Task objective:
Scan the lines below; pull out those with "Vertical".

Data to process:
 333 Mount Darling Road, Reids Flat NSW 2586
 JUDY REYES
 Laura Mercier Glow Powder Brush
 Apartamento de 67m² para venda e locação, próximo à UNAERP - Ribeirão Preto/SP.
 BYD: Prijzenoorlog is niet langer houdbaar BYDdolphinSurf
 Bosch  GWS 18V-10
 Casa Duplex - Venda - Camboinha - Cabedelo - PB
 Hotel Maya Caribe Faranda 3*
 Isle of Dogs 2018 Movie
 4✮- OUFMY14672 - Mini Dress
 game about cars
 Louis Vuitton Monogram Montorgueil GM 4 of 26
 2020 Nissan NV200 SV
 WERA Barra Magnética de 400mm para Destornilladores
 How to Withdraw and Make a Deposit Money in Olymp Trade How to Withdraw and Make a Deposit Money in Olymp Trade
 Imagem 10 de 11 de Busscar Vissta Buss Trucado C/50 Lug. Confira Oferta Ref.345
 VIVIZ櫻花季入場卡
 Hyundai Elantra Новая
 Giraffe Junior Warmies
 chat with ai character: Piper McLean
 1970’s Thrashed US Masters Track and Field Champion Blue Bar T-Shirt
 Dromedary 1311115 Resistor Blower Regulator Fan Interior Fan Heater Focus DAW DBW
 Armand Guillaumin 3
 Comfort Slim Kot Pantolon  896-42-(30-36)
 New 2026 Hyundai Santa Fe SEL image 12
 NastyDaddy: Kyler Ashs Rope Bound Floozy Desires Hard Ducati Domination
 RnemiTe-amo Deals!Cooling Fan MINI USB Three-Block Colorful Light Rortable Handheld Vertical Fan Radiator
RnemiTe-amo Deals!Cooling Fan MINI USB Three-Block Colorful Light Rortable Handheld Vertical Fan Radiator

Exercise output:
 RnemiTe-amo Deals!Cooling Fan MINI USB Three-Block Colorful Light Rortable Handheld Vertical Fan Radiator
RnemiTe-amo Deals!Cooling Fan MINI USB Three-Block Colorful Light Rortable Handheld Vertical Fan Radiator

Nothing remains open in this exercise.